On Aug 6, 2014, at 12:26 PM, Lee Hart via EV <ev@lists.evdl.org> wrote:

>>>> expecting the car to plug itself into a wall outlet / cable is asking a
>>>> bit much.
> 
>>> I can easily imagine a robot arm that can reach out, find and connect to 
>>> some
>>> contacts mounted somehow on the front license plate area.
> 
>> That's a lot of moving parts to break, especially considering how many people
>> have trouble not running over things in the garage already. Plus the hazard
>> of people or pets or other things getting caught up in the mechanism.
> 
> This strikes me as a non-problem that keeps getting elevated into something 
> much bigger and more complicated than it needs to be.
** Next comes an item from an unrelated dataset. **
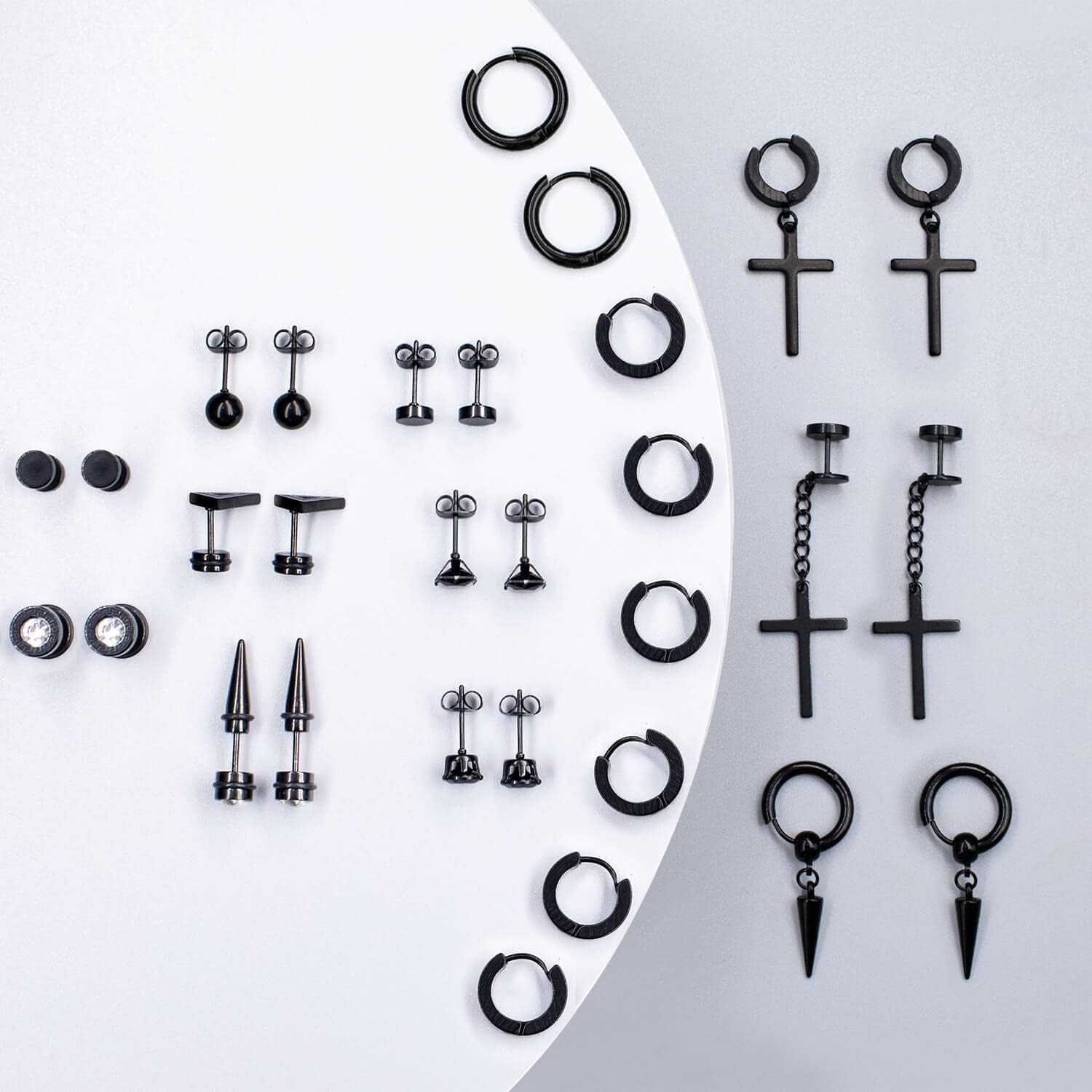15 Pairs Earrings for Men Stainless Steel Earrings Stud Kit for Men Women Fashi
I think you're right. What's exciting to me is that two technological advances 
are starting to mature at the same time, and that the two of the together will 
potentially be much more significant than either would be separately.
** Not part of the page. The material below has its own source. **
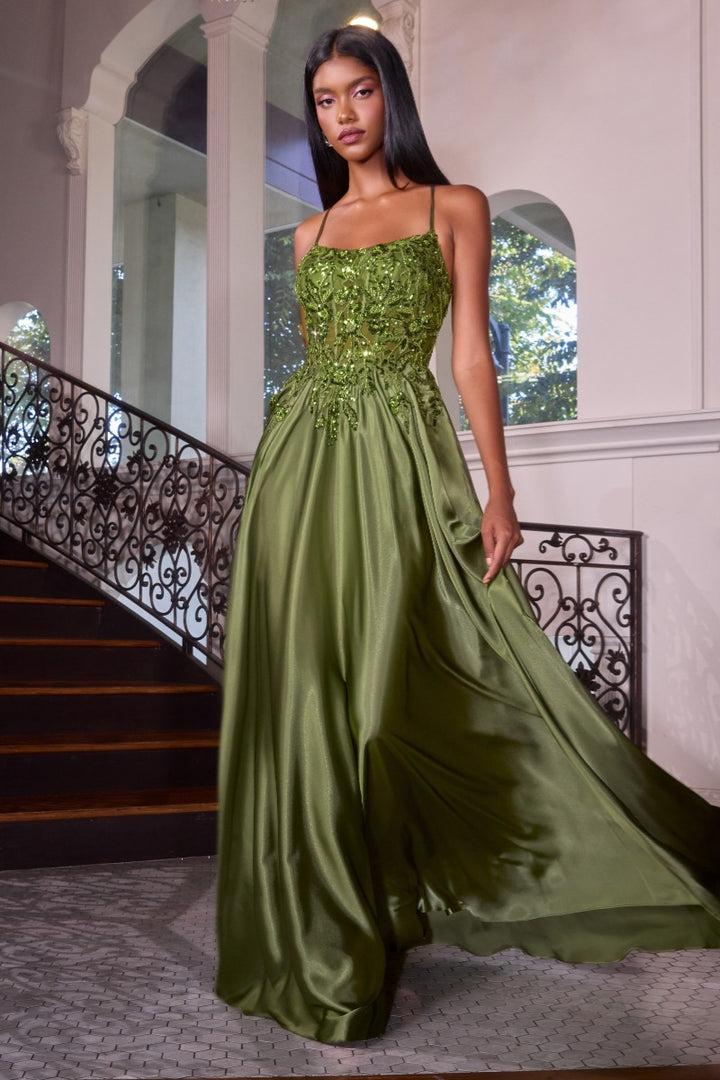 Ladivine C179 A-line prom dress front view, third color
ICE and EV cars are both equally well suited to autonomous driving, but EV cars 
are _much_ better suited to autonomous recharging than ICE cars are to 
autonomous refueling.

At-home EV recharging is already more than plenty good enough for all but the 
idle super-rich. At-home charging isn't merely a solved problem; it never 
really was a problem in the first place.

On-the-go EV recharging is only a problem when the miles driven in a day are 
greater than the miles the car gets on an overnight charge. Save for road 
trips, the Tesla is already there and others will soon follow as battery prices 
continue to drop. And plugin hybrids such as the Volt and my Mustang project 
also have that problem "well enough" solved; if most people only filled up 
their gas tanks a few times a year rather than a few times a month, many (but 
not all) of our fossil fuel problems would magically go away.

What EVs do at this time when many new cars can already drive themselves in 
limited ways is open up the possibility for fleets of fully autonomous nearly 
maintenance-free magic carpets. _That's_ the exciting bit. How they wind up 
charging themselves isn't something anybody other than the mass market 
manufacturers really need to worry about.